Automatic Image Captioning Using Convolutional Neural Network and Long Short-Term Memory Techniques

K Dhamayandhi; T Jayamalar; N. Krishnaveni; Lavanya C

doi:10.34293/sijash.v13iS2-i4-Jan.10607

K Dhamayandhi Department of Information Technology, Avinashilingam Institute for Home Science and Higher Education for Women, Coimbatore, Tamil Nadu, India
T Jayamalar Department of Information Technology, Avinashilingam Institute for Home Science and Higher Education for Women, Coimbatore, Tamil Nadu, India
N. Krishnaveni Department of Information Technology, Avinashilingam Institute for Home Science and Higher Education for Women, Coimbatore, Tamil Nadu, India
Lavanya C Department of Information Technology, Avinashilingam Institute for Home Science and Higher Education for Women, Coimbatore, Tamil Nadu, India

DOI: https://doi.org/10.34293/sijash.v13iS2-i4-Jan.10607

Keywords: Image Captioning, Convolutional Neural Network (CNN), Long Short-Term Memory Network (LSTM), Computer Vision, Bleu Score

Abstract

Image captioning is the task of automatically generating natural language descriptions based on image content, with applications in social media, e-commerce, and content creation.
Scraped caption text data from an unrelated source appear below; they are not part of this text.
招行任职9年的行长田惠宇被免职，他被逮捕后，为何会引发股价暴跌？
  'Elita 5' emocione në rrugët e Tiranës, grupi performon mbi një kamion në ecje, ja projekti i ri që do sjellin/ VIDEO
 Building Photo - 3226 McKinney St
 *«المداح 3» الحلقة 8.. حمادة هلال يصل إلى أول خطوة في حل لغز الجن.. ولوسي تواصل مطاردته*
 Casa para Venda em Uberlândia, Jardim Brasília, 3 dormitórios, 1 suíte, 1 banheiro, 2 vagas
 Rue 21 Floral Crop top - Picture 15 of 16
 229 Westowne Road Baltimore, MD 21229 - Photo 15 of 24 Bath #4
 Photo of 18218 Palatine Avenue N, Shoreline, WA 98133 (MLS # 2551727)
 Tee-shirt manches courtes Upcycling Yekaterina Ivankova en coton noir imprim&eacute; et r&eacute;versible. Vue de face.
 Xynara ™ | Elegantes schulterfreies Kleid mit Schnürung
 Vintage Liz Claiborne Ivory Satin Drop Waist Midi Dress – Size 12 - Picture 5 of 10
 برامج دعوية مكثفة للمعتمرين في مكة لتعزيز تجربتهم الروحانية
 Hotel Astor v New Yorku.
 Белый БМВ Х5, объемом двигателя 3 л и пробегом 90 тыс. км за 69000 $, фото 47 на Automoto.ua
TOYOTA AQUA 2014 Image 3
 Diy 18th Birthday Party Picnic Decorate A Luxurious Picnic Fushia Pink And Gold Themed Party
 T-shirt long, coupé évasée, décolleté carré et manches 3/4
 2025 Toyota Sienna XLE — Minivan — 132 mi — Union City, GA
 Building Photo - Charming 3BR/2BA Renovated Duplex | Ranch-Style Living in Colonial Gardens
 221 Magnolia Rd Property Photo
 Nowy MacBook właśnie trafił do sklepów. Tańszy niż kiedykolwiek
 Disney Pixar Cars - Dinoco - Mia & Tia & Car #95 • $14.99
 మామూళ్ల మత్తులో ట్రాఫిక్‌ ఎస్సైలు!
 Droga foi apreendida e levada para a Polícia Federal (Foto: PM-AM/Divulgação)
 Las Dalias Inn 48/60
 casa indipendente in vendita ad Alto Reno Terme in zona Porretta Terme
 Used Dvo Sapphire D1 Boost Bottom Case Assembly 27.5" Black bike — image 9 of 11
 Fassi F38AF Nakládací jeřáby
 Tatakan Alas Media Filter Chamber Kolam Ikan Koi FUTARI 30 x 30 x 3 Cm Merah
Classic approaches would involve reinforcement learning and multimodal transformers, but they demand large datasets and huge computational resources and are not suited to handle complex scenes. To satisfy these challenges, this work adopts a hybrid approach that employs the task of CNNs for visual feature extraction and uses LSTMs for sequential caption generation. More in detail, rich image features were extracted using a pre-trained Inception V3 model, while an LSTM was adopted for synthesizing image captions. Image caption generation was realized based on both greedy and beam search strategies. Finally, BLEU scores and visualizations demonstrate the successful blend of computer vision and NLP capabilities to ensure the accuracy and coherence of image captions.